Governor Chris Christie says turning over New Jersey’s lottery to a private manager would boost sales, even though there’s scant evidence to support his position.
The Republican is reviewing the one bid his administration received from a group that includes Gtech Corp., a company that helps run the lottery in Illinois, where revenue has missed goals. Though New Jersey had a record $2.7 billion in lottery sales in fiscal 2012, Christie says a private company can do better.
Christie joins U.S. governors, including those in Ohio and Pennsylvania, who are seeking private investors to maximize returns from public assets. Illinois was the first to privatize its lottery, in 2010. Indiana and Pennsylvania have followed, even as critics complain about a small pool of bidders and worry about the fate of lottery-funded state programs.
“There are simply not enough firms that have any expertise running these things,” said Victor Matheson, an economics professor who studies gaming at College of the Holy Cross in Boston. “It’s not like private companies have some magic wand to wave and make things better.”
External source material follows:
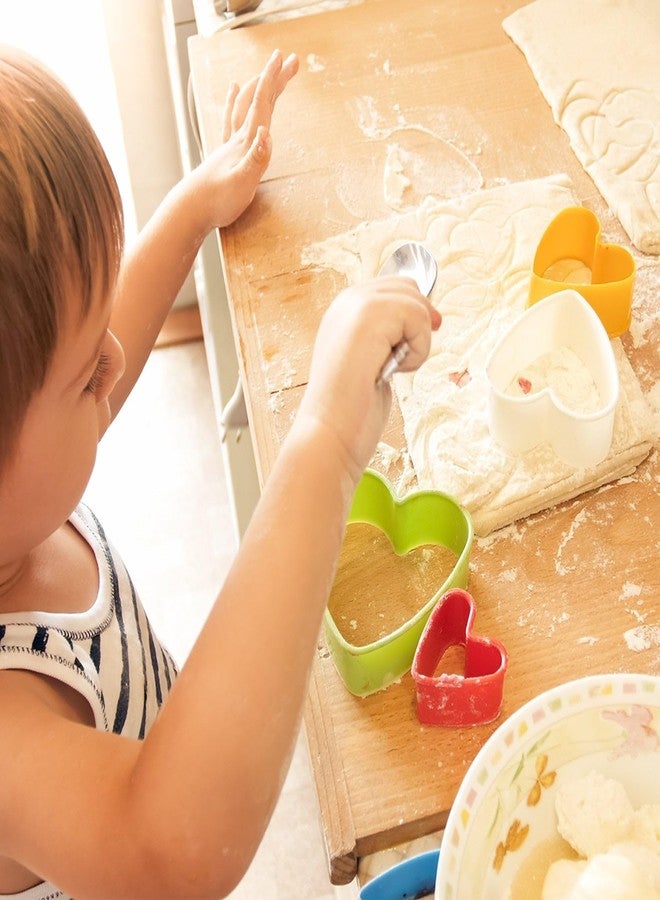 Garth قوالب تقطيع البسكويت البلاستيكية من جارث | قوالب تقطيع البسكويت بأشكال مختلفة: قلب، دائري، نجمة، وزهرة (4 قطع) - Image 3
Illinois awarded lottery management to Northstar Lottery Group, a partnership of Gtech, a Rhode Island subsidiary of Italy’s Lottomatica Group SpA (LTO); Scientific Games Corp. (SGMS) of New York; and Energy BBDO, a Chicago ad agency. The group guaranteed a profit level for each of the first five years of the agreement.
Though Northstar collected a record $726 million in its first year, that was about $100 million short of the minimum promised, according to an analysis by the Chicago Tribune. An arbitrator in November sided with Northstar in a complaint that attributed the shortfall to state decisions on contracting and marketing.
Mike Lang, a spokesman for the Illinois lottery, said the revenue figures cited by the Tribune are preliminary and declined to confirm them.
In New Jersey, Northstar teamed with the Ontario Municipal Employees Retirement System to submit a bid in December. State treasury officials say a decision should be made next month.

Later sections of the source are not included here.